Convocado para a Força Expedicionária Brasileira (FEB) e comissionado Capitão, foi designado comandante da 2ª Companhia do I Batalhão do 6º Regimento de Infantaria, com sede na cidade de Caçapava(SP). Transportado para a Itália a bordo do navio americano General Mann, como integrante do 1º Escalão de Embarque, foi um dos mais de 5 mil febianos a primeiro pisar em solo europeu, em 16 de julho de 1944.

Concluído o necessário e fundamental período de adestramento final na Itália, o Destacamento FEB (Dst FEB)1, sob o comando do General de Brigada Zenóbio da Costa, enfim recebeu sua primeira missão de combate. Integrando o IV Corpo de Exército, um dos grandes comandos operacionais do V Exército de Campanha, a tropa brasileira iniciou, em 15 de setembro, suas atividades de combate, com o objetivo principal de conquistar o Monte Prana, em uma 1ª Fase de Operações na Bacia do Serchio (figura 1).


 

Com 1220 m de altitude, o Monte Prana dominava toda a região. Do ponto de vista tático e operacional, sua posse asseguraria a continuação do movimento na direção geral do norte, em razão do controle das estradas e localidades que conectavam o litoral oeste (Viareggio, no mar da Ligúria) à porção centro-norte da península (Bolonha, Módena e Parma), possibilitando o efetivo reposicionamento de tropas e a manutenção do adequado fluxo logístico.

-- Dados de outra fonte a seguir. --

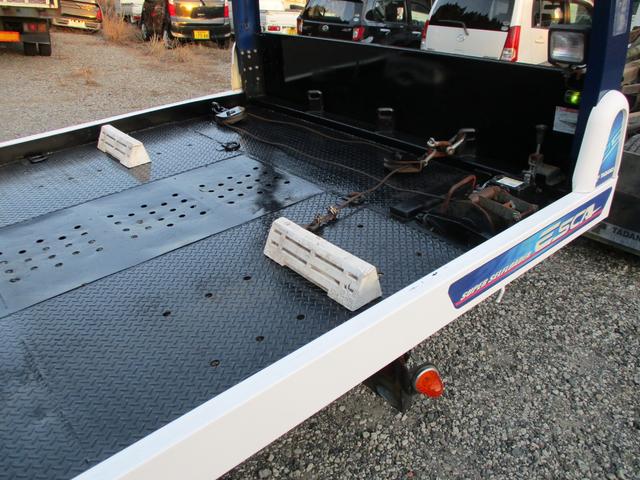 キャンター 　キャリアカー　積載２．６ｔ（14枚目）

Sob o enfoque estratégico, a conquista de um ponto de penetração da Linha Gótica somaria esforços ao propósito aliado de rompê-la, comprometendo a sustentação das operações defensivas do Eixo na Itália.

Para a conquista do Monte Prana, o controle prévio da localidade de Camaiore era essencial. Importante nó rodoviário, sua manutenção traria melhores condições de segurança à tropa brasileira, assegurando o bloqueio de eventuais rotas de contra-ataque inimigo por oeste ou noroeste, ao mesmo tempo que garantiria aos febianos uma excelente base de partida para a organização do ataque final ao Monte Prana (figura 2).

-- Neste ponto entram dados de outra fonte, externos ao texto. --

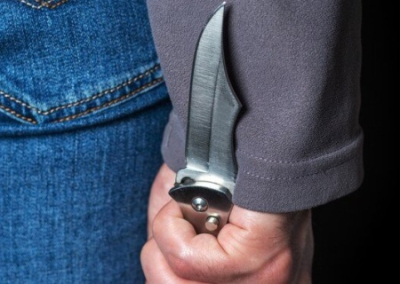 В Хмельницком мужчина ранил ножом военкома во время проверки документов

Para a conquista de Camaiore, foi organizada uma Força-Tarefa valor subunidade (FTSU)2 e escolhido o Capitão Ernani Ayrosa para comandá-la, em razão de suas elevadas qualidades e capacidades profissionais. Tendo como base de partida a localidade de Luciano, a marcha para o combate deu início às 0830h de 18 de setembro de 1944. Engenheiros e elementos de reconhecimento, liderando o movimento da Força-Tarefa, se encarregaram de repetidas vezes prover a abertura de brechas no itinerário, vencendo diferentes obstáculos colocados pelos alemães e proporcionando o ininterrupto avanço da tropa. Para tal, contaram, inclusive, com o apoio de um tanque americano equipado com lâmina (bulldozer), que auxiliou tanto a terraplanagem dos locais de passagem como a retirada de minas e escombros.

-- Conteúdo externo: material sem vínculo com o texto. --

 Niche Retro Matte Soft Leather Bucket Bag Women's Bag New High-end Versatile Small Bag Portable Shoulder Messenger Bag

Ao atingir as alturas do Monte Nocchi, às 1800h, a Força-Tarefa passou a receber fogos ajustados de artilharia, que a obrigou a buscar proteção e a desdobrar os seus meios. Os Pelotões de Tanques, de Morteiros e de Metralhadoras Pesadas se organizaram para constituir a base de fogos. O Escalão de Ataque, composto basicamente por infantes e engenheiros, partiu rapidamente da Posição de Ataque (P Atq) embarcados em jipes, descendo a íngreme encosta do Monte Nocchi na maior velocidade possível, buscando fugir dos tiros de artilharia, de morteiros e de armas automáticas. No fundo da ravina, se depararam com a única ponte disponível destruída. Sem perda de tempo, com iniciativa e flexibilidade, transpuseram o rio obstáculo, utilizando meios de fortuna e prosseguiram a pé restante do trajeto até alcançarem o objetivo.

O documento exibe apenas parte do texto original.